YOUR INSTRUCTIONS:
Where the line containing "London Station Banda" appears, begin retyping; continue exactly through the final line of the data. Omit every picture.
**** RECORDS FOR THIS TASK ****
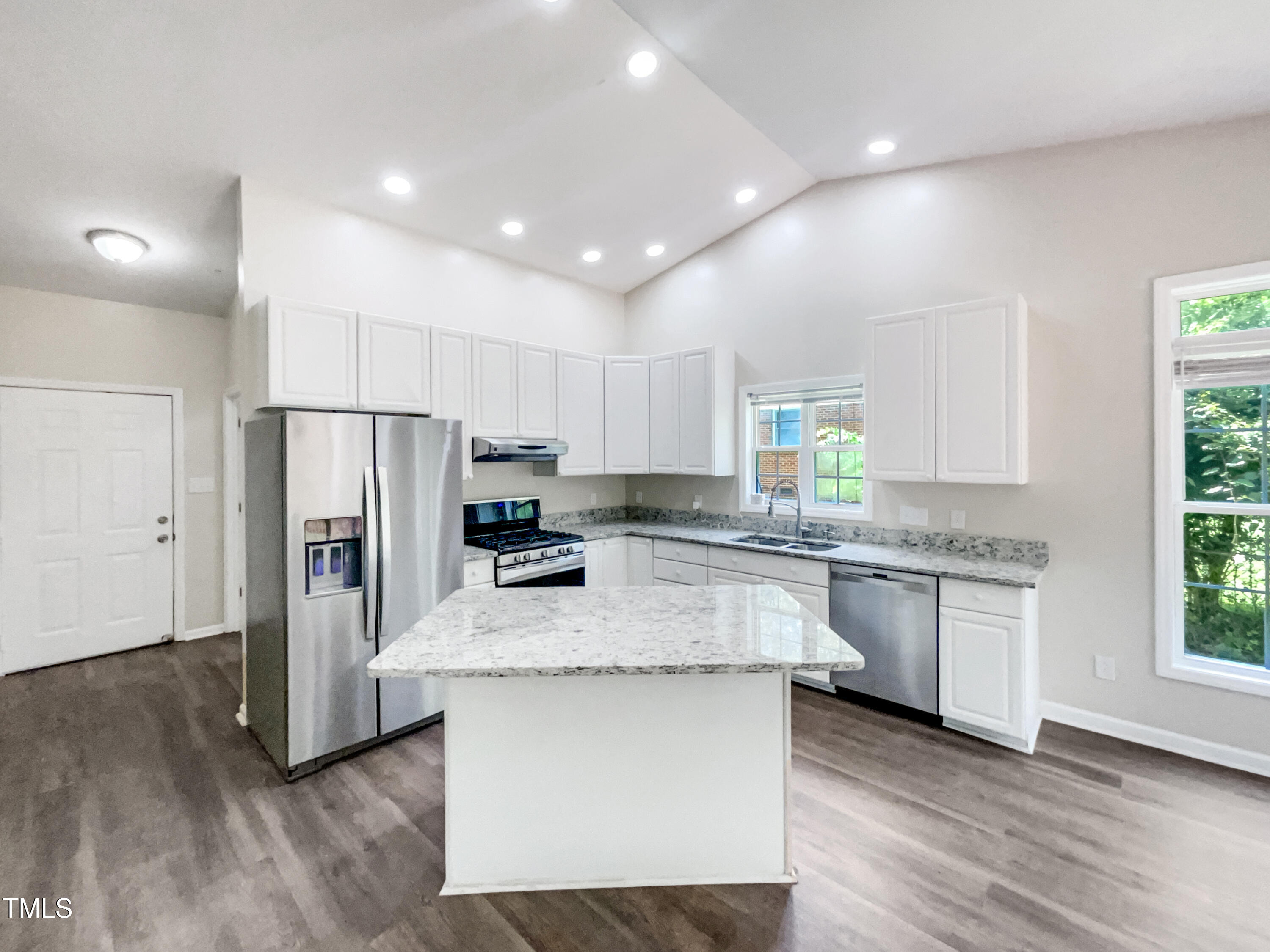 215 Cheryl Avenue Durham, NC 27712 - Photo 6 of 18 photo_06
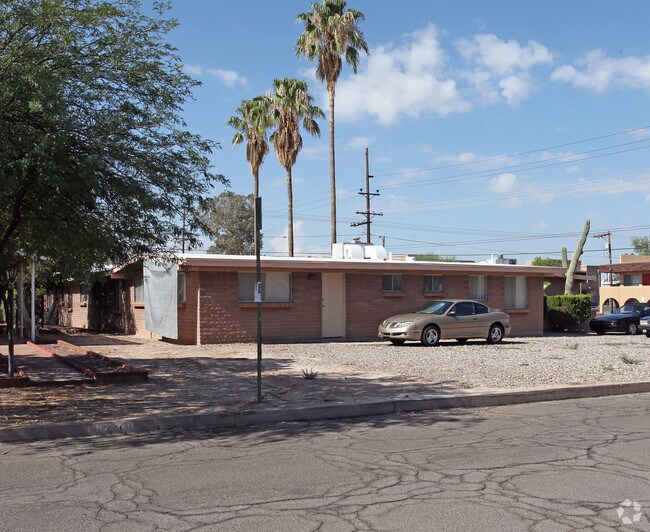 Building Photo - 1002 E Lester St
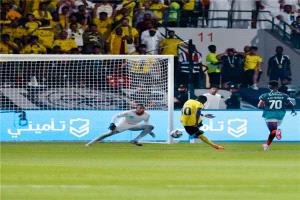 ماني يقود النصر لريمونتادا مثيرة أمام الاتفاق رغم النقص العددي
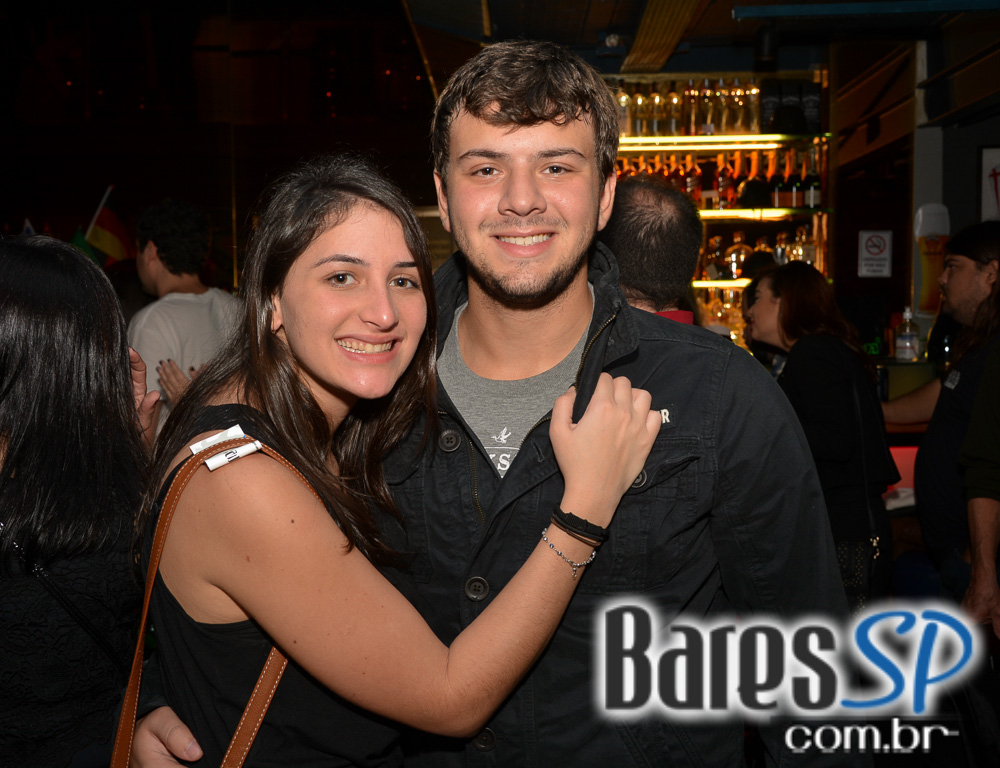 Banda Outsiders e Rock Fútil agitaram a noite da galera presente no London Station Banda Outsiders e Rock Fútil agitaram a noite da galera presente no London Station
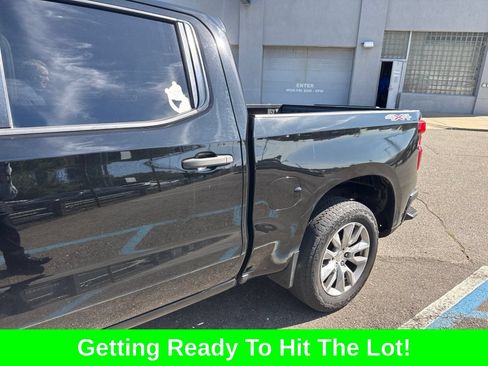 Used 2020 Chevrolet Silverado 1500 Custom w/ Custom Value Package AWD/4WD image 3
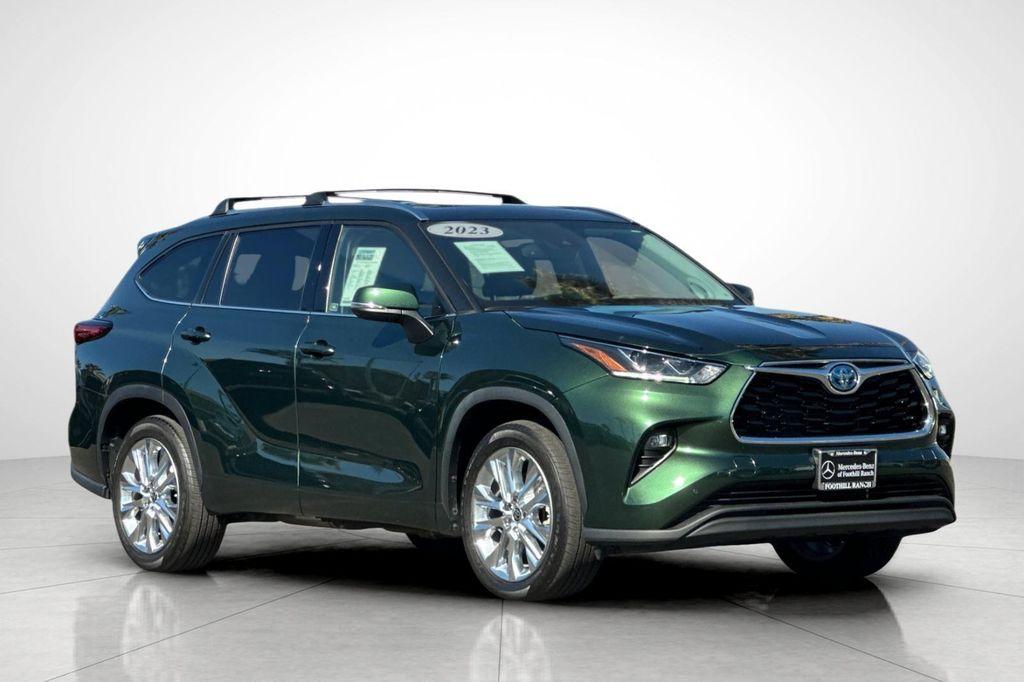 used 2023 Toyota Highlander Hybrid car, priced at $42,984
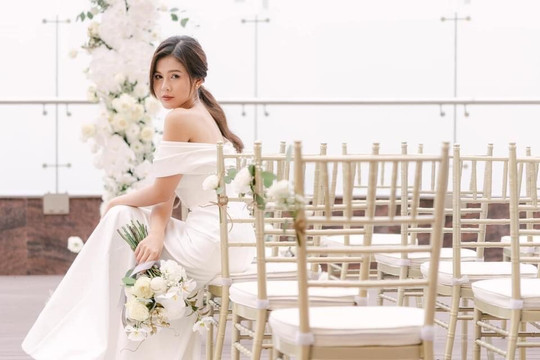 MC Thu Hoài tựa như nàng thơ trong bộ váy cưới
****
FINISHED EXERCISE:
 Banda Outsiders e Rock Fútil agitaram a noite da galera presente no London Station Banda Outsiders e Rock Fútil agitaram a noite da galera presente no London Station
 Used 2020 Chevrolet Silverado 1500 Custom w/ Custom Value Package AWD/4WD image 3
 used 2023 Toyota Highlander Hybrid car, priced at $42,984
 MC Thu Hoài tựa như nàng thơ trong bộ váy cưới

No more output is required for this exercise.